Webhooks are HTTP callbacks sent to an endpoint on your server. Kloutit requires HTTPS endpoints with TLS 1.2 or TLS 1.3 for security.

To receive webhook events, your server must:

  • Have an accessible endpoint that can receive JSON-encoded HTTP POST requests.
  • Handle incoming webhook requests asynchronously to avoid timeouts.
  • If necessary, allowlist Kloutit's network in your firewall to ensure successful delivery

Step 2: Set Up Webhooks in the Kloutit Dashboard

To configure a webhook:

  1. Navigate to My Organization > Developers in the Kloutit dashboard.
  2. In the Webhook section, enter your endpoint URL.
Once set up, Kloutit will start sending webhook events to your endpoint when relevant actions occur.
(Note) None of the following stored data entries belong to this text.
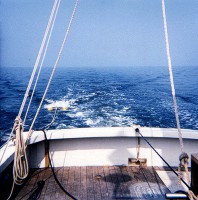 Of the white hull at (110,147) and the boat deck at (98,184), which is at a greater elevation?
the white hull at (110,147)

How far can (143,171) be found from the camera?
3.03 meters

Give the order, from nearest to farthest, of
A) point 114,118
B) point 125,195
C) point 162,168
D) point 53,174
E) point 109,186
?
1. point 125,195
2. point 109,186
3. point 53,174
4. point 162,168
5. point 114,118

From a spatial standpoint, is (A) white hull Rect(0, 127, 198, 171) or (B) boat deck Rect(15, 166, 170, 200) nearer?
(B) boat deck Rect(15, 166, 170, 200)

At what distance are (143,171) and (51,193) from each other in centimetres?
124

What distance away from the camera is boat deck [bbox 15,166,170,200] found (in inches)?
97.4

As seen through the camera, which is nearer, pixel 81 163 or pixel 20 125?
pixel 20 125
Step 3: Accept and Process Webhooks

To ensure reliable webhook processing:

  1. Acknowledge receipt of the webhook event by responding with a 2xx HTTP status code (e.g., 202 Accepted).
    • If Kloutit does not receive a successful response within 10 seconds, the event will be added to a retry queue.
  2. (Recommended) Validate the event to add an extra layer of security. By verifying the event with the verifyEvent call, you'll confirm that the webhook was sent by Kloutit and was not modified during transmission.
  3. Process the event using the available SDKs or Rest API.
  4. Apply your business logic, but only after acknowledging the event to avoid blocking future updates due to processing errors.
    • If an error occurs, respond with an appropriate 4xx or 5xx HTTP error status code.
Retries of failed notifications

If your server fails to respond successfully (e.g., due to downtime or network issues), Kloutit will automatically retry sending the webhook event.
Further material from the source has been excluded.